COOKEVILLE – David K. Morgan credits his Tennessee Tech University education for a successful career as a certified public accountant. As a thank you to the department that prepared him to be a CPA and to the faculty who teach future accountants, Morgan established the David K. Morgan Endowed Accounting Faculty Award.
Thomas Payne, dean of Tech’s College of Business, says Morgan has been a long-time supporter, served on a number of advisory boards and worked with his accounting firm LBMC to recruit Tech students and provide accounting internships.
“David is a leader who builds bridges among people and institutions,” said Payne. “This generous gift provides a tangible way to recognize, reward and retain high-performing accounting faculty. In addition, the David K. Morgan Endowed Faculty Award will further enhance the reputation of the outstanding Tennessee Tech accounting program.”
Morgan credits professors Don Cook, Joe Thorn, Ed Waters and James Barger for preparing him for a career in public accounting. However, he admits he didn’t know what a CPA was when he first enrolled at Tech.
“I grew up in a working-class family,” he explained. “My father worked in a factory, and my mother worked at Kmart. My parents wanted all of their sons to get an education. That was their goal and they made it happen – but it was a stretch. I got every scholarship and every loan I could to get through college.”
After graduating from Tech, Morgan passed the CPA exam and started his career at a firm in Nashville. Eventually, he would go on to establish Lattimore, Black, Morgan and Cain P.C., now known as LBMC. LBMC is a professional services CPA firm offering accounting, tax, audit and consulting services and a family of other companies offering professional services in human resources, staffing, technology, finance, healthcare and investments. Morgan and the other partners established the firm in 1984 with 12 employees. Today, it has grown to 750 employees and multiple offices in Tennessee and beyond.
For years, Morgan has supported Tech’s accounting faculty and international trips for accounting students. Now, he wants to do something on a larger scale. Morgan says he knows Tech can recruit accounting students, but the university needs faculty with advanced degrees in accounting to teach those students.

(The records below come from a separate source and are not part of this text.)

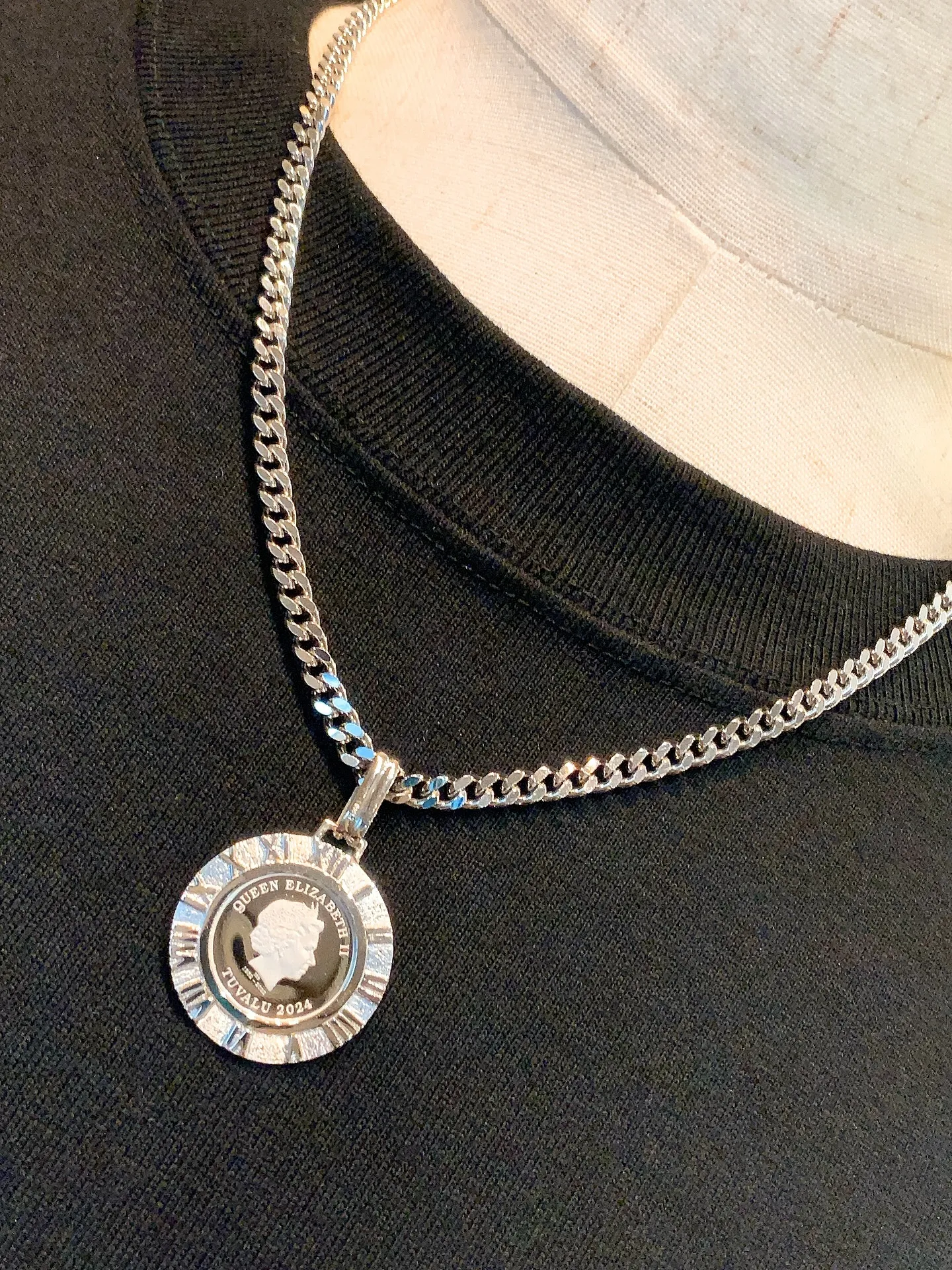 ✨PT850 2面シングル × コインペンダント✨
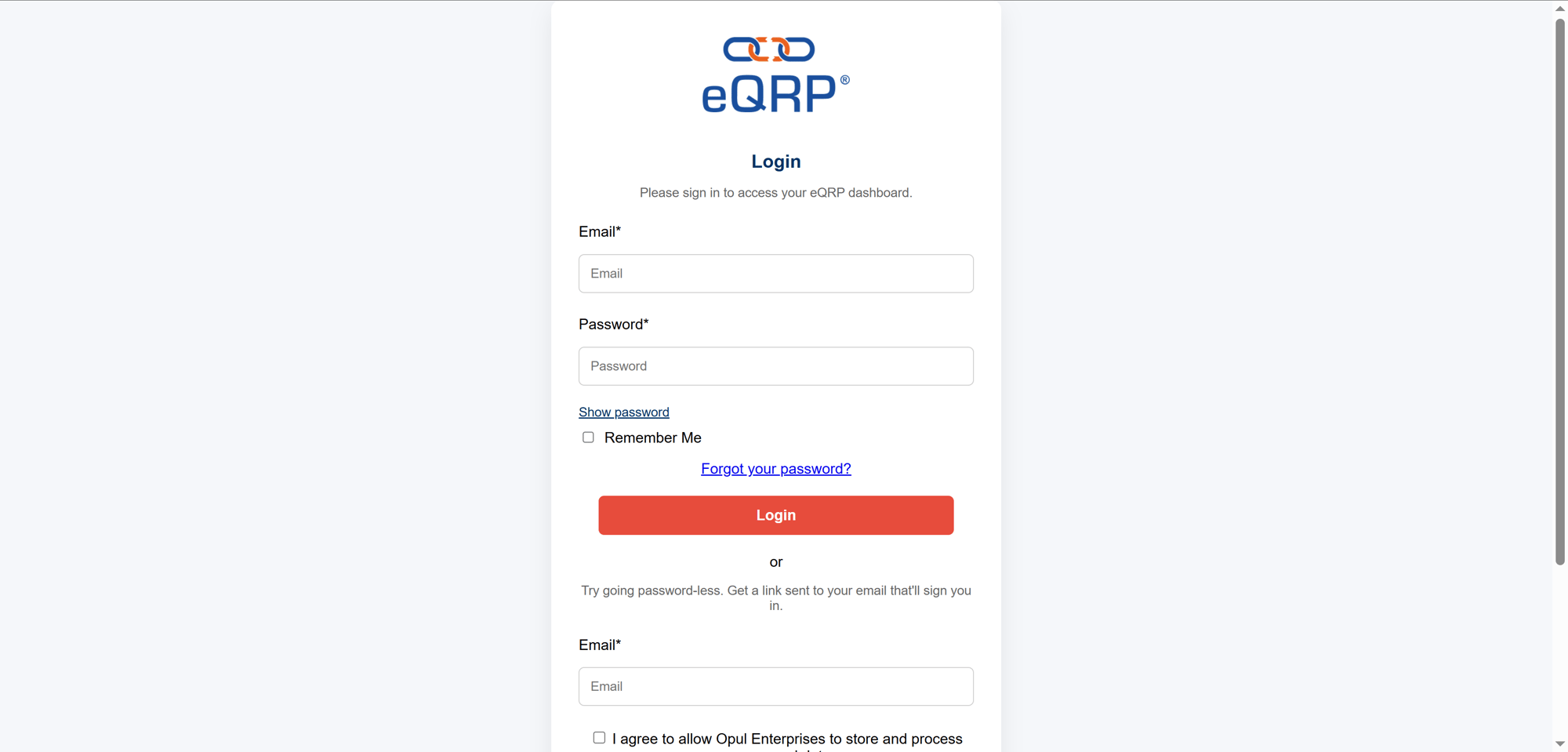 Hubspot Portal Login Screenshot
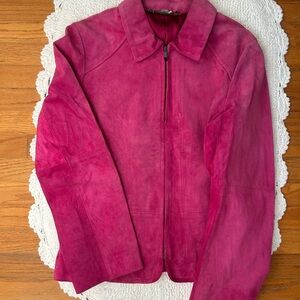 Vintage Suede zip up jacket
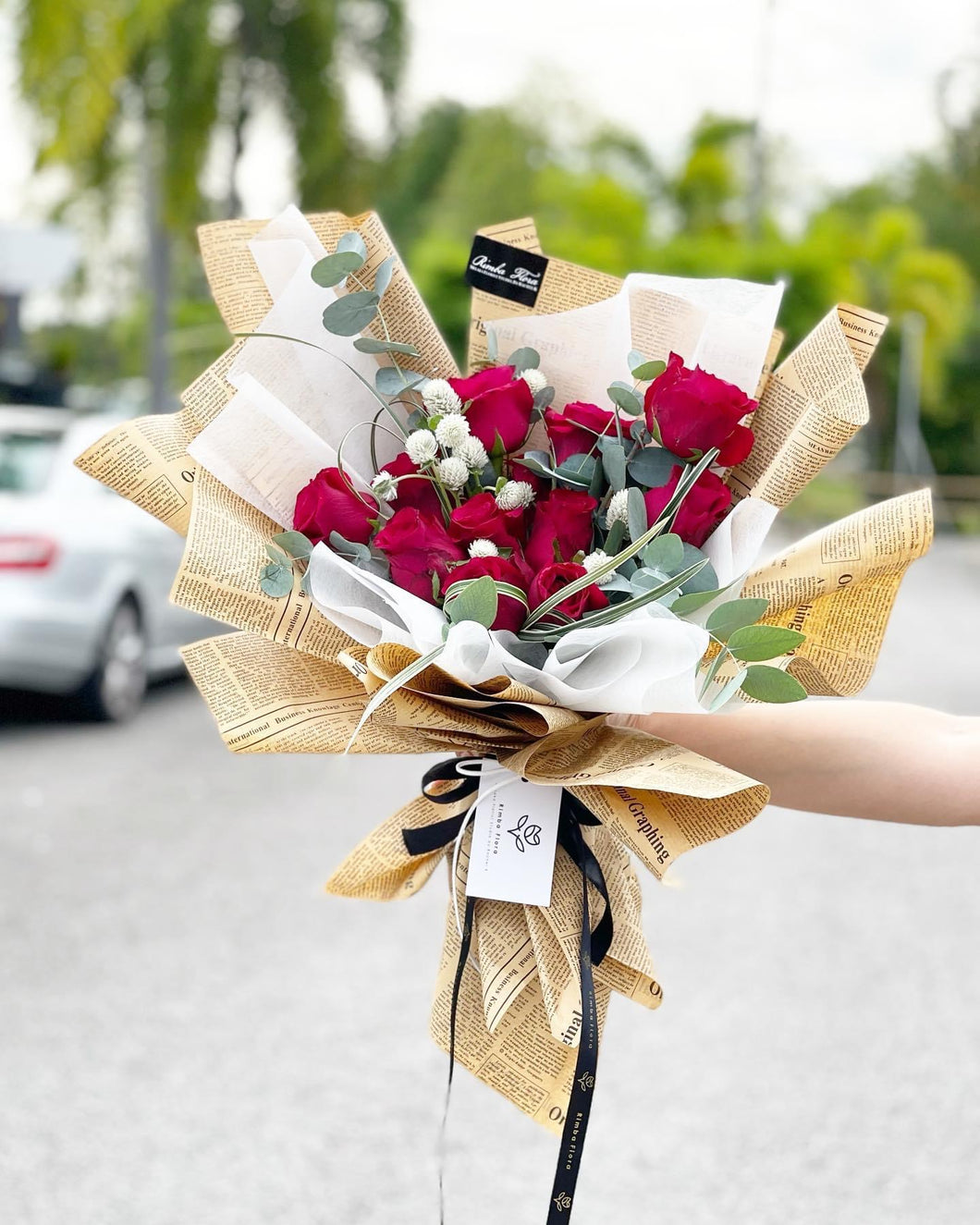 Premium Bouquet To You (Red Roses Kraft Wrap Bouquet To You)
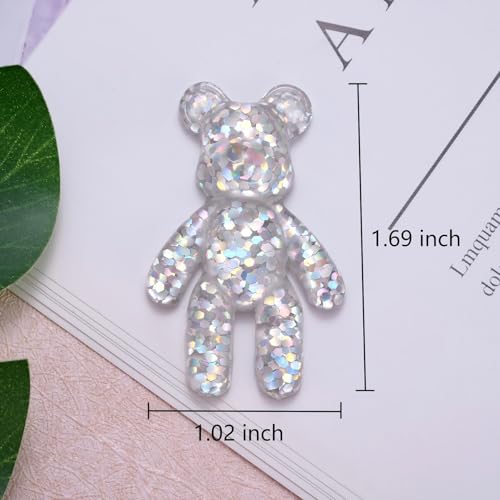 Image of Aesnefe Pocket Bear Hug Anxiety Relief, Mental Health Positivity, Autism Fidget, Stress Relief for Her, Comforting Back to School Gift - White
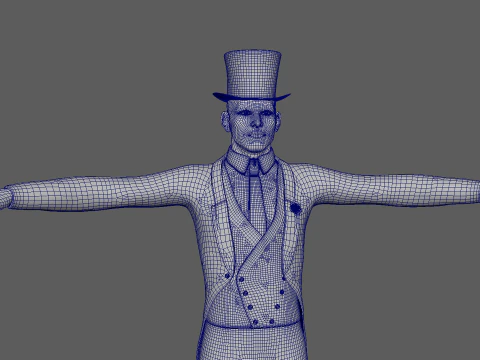 Magician 3D Model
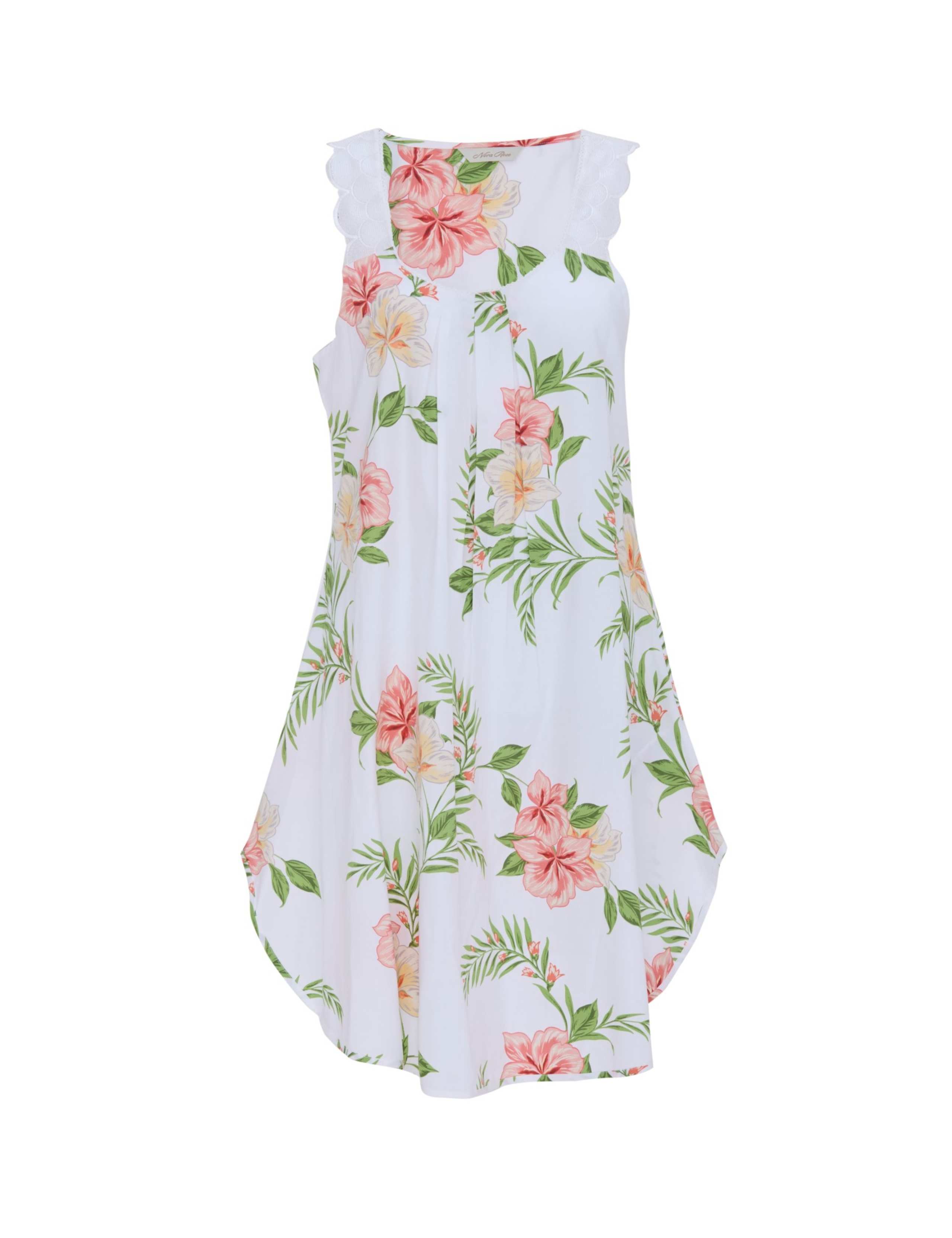 Cotton Modal Floral Nightdress 2 of 4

“I had a great collegiate experience at Tennessee Tech,” said Morgan. “And I had several professors who were great teachers and great people who inspired me to be a CPA. I hope students come out of Tech prepared to succeed in the world. I hope they advance in their careers and become partners in firms and do great work for their clients. The thing about public accounting is that we serve the public. Whether it’s businesses or individuals, they need the services we provide.”